Special report: Eco-cars of future
From hybrids to ‘clean diesel’ and hydrogen to lithium-ion, greener vehicles are gaining momentum. Using electronic variable valve timing, dual-turbo forced fuel-mixture induction and increasingly complex ignition systems and other paraphernalia, the car industry is already making headway in squeezing more power out of smaller engines, with lower emissions per unit of horsepower.

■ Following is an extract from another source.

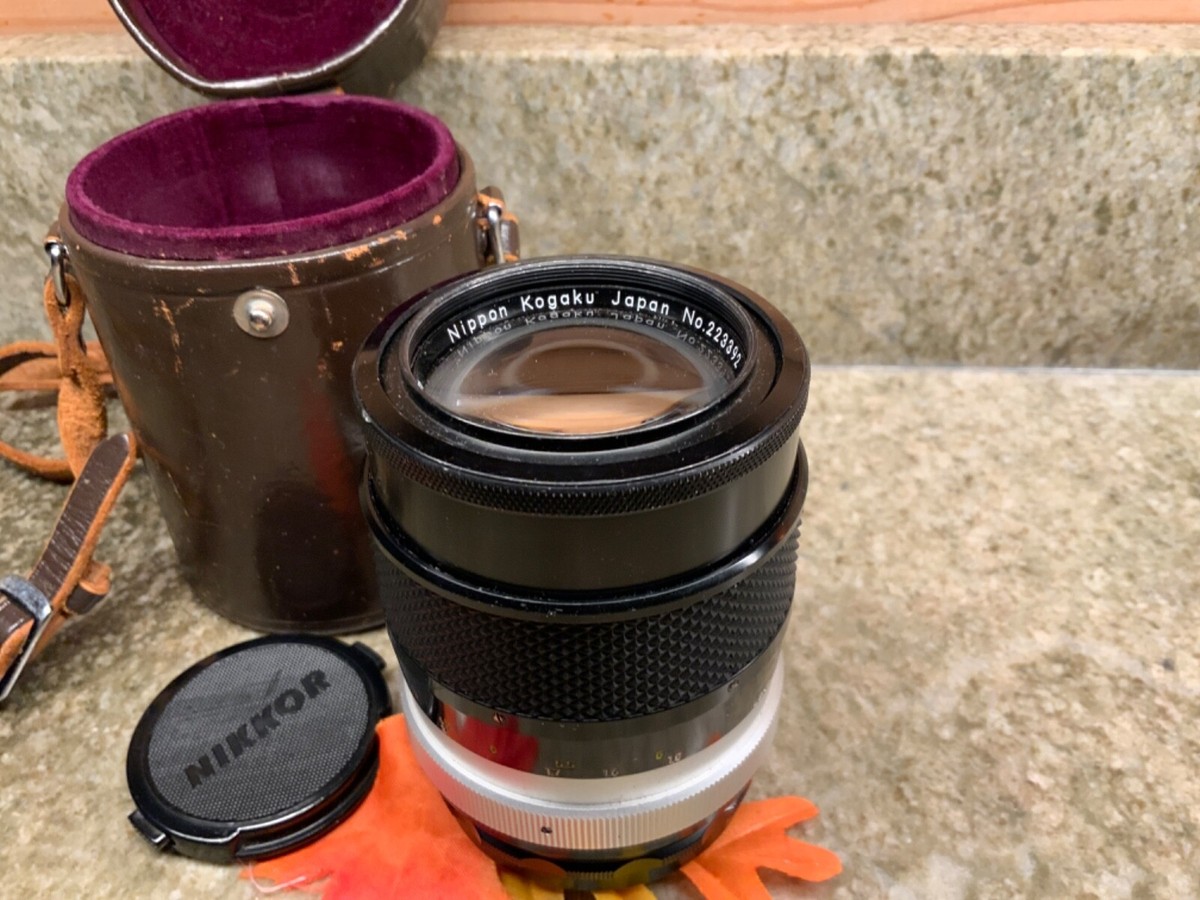 Vtg Nikon Camera Lens/ Nikkor -N / Auto 1:2 / F = 135mm Nippon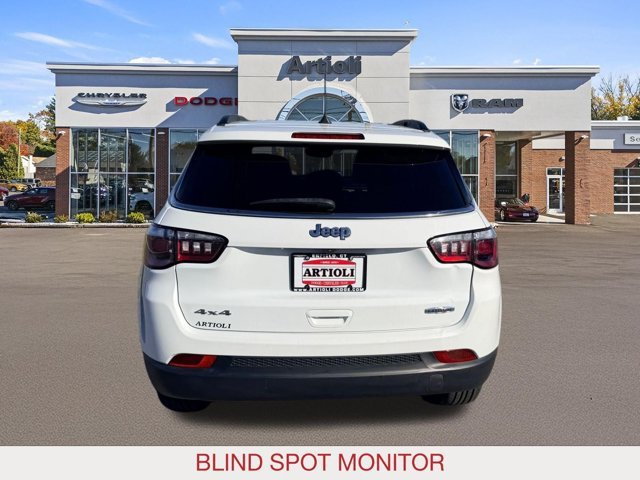 Used 2024 White Jeep Latitude image 6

Already on the roads in still small numbers are hybrids (mostly Toyota’s) integrating petrol engines into complex ‘parallel’ hybrid power trains. These combine the conventional combustion engine with an electric motor or motors powered by batteries recharged both by the engine and by generative braking systems. Up until September 2007, 1,188,255 Toyota hybrids had been sold worldwide since 1997
These ‘parallel’ hybrids offer better fuel economy in the urban settings where their owners mostly drive. Toyota’s Hybrid Synergy Drive technology will gradually become available right across the company’s light vehicles over the next three to four model generations.
Stop-start move
Meanwhile, more and more cars will follow BMW’s and PSA Peugeot Citroën’s lead with ‘micro-hybrids’, whose engines cut out automatically when the car stops, and re-start seamlessly at a press of the accelerator pedal, cutting around 10 per cent from urban cycle emissions.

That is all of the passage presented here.